Et maintenant… Est ce que l’heure de la sortie du purgatoire a sonné pour Gilbert Bécaud. En effet, 10 ans après sa disparition, le moins que l’on puisse dire c’est que monsieur 100 000 volts a disparu des radars radiophoniques. Alors qu’il a laissé en héritage dans la chanson mondiale quelques standards incroyables. Comme celui-ci qui date de 1957.

Extrait de « The day the rains came down » par Ayo

On a oublié que Bécaud est l’artiste à qui l’on doit les premiers fauteuils cassés à l’Olympia. C’était en 1955. Ce jour là aussi, Bruno Coquatrix découvrira sur scène une dizaine de petites culottes aimablement laissées par les jeunes filles qui sentent les vibrations swing et l’énergie rock’n’roll de celui qui chante salut les copains en 1957. La légende de celui qui jouait parfois du piano debout en tapant à coup de poing sur ses touches est en marche. Bête de scène et de composition, Gilbert Bécaud est prolixe et dans les années 50 dame le pion à son copain Aznavour avec lequel pourtant il a écrit quelques chansons. En 1960 lorsque Aznavour explose enfin avec « j’me voyais déjà », Gilbert Bécaud écrit cette splendide chanson en hommage à Raoul Breton, cet immense éditeur qui vient de disparaître. Alex Beaupain peu attendu dans cet exercice fait des merveilles.

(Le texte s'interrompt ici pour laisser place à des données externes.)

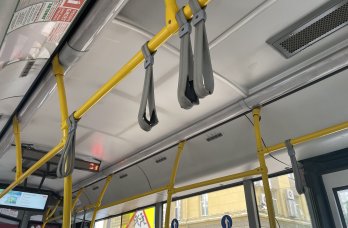 В Пермском муниципальном округе застрял в сугробе экскурсионный автобус с детьми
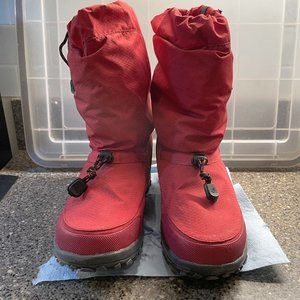 Baffin Womens Size 7 Ease Red Snow Boots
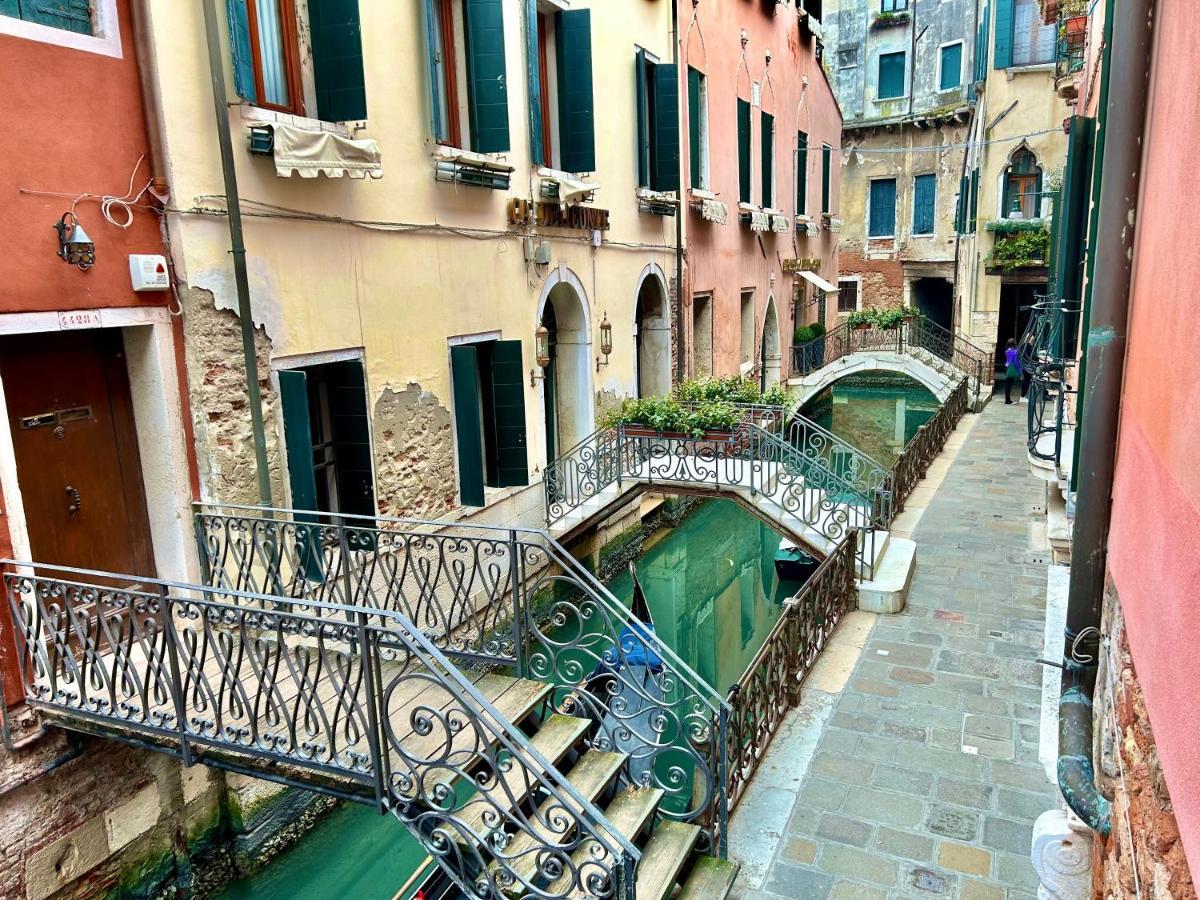 Central Flat Romantic Domus Remedio Venedig Exterior foto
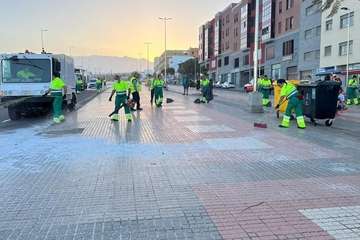 La multitudinaria cabalgata deja 8 toneladas de residuos en las calles de Telde/TA.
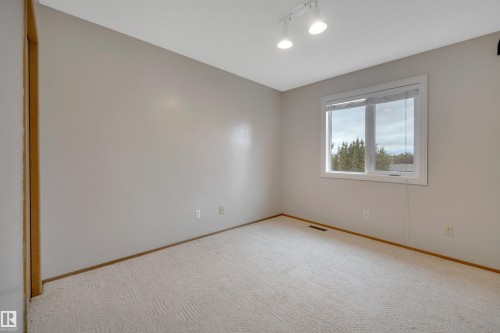 7557 188 Street Nw, Edmonton, AB 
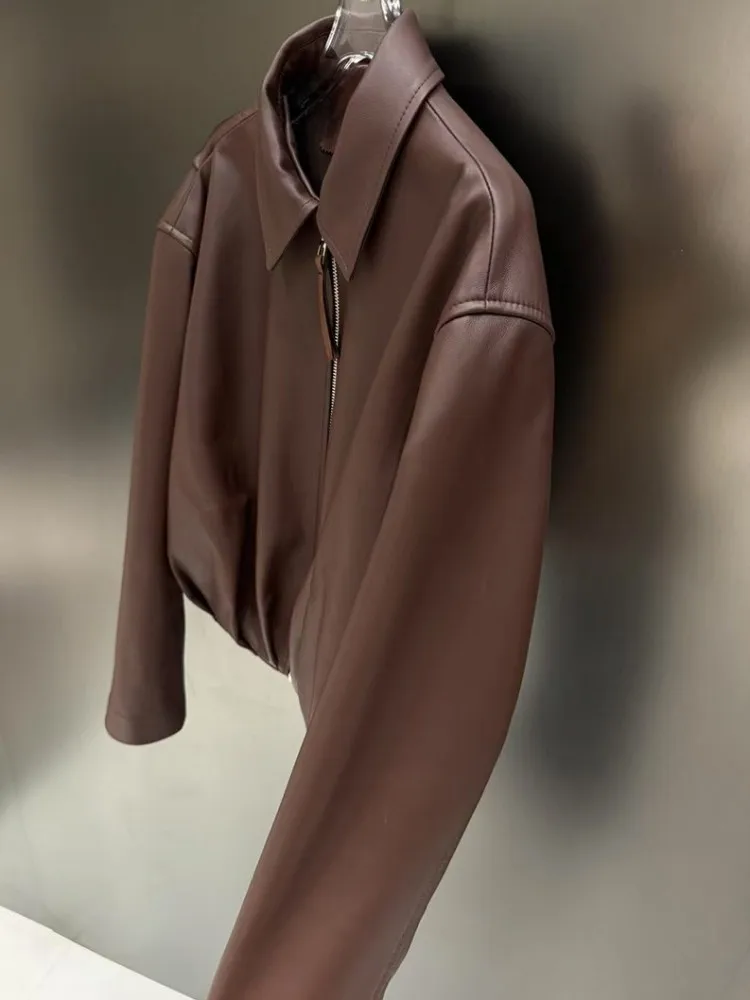 سترة مكتب للسيدات بياقة مقلوبة من الجلد الطبيعي مريحة بلون سادة من جلد الغنم وأكمام طويلة وسحاب ملابس خارجية فضفاضة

Extrait de « L’absent » par Alex Beaupain

Bien sûr il y a aussi « Nathalie », « Mes mains », « Je reviens te chercher », « Et maintenant » ou encore « Je t’appartiens » qui sera repris par Bob Dylan, Nina Simone, Sonny and cher ou encore James Brown, mais il y aussi des vrais tubes de l’époque qui avec le regard de la jeune génération reprennent tout leur lustre. C’est aussi le cas de « dimanche à Orly ».

Extrait de « Dimanche à Orly » par Renand Luce

Julien Clerc qui fut à ses débuts son poulain explique que ce qui a tué prématurément artistiquement Gilbert Bécaud est sa hantise de vieillir, cherchant sans cesse à être poussé dans le vent des modes. 10 ans après sa disparition, il se peut que le vent tourne à nouveau. Cette fois en sa faveur.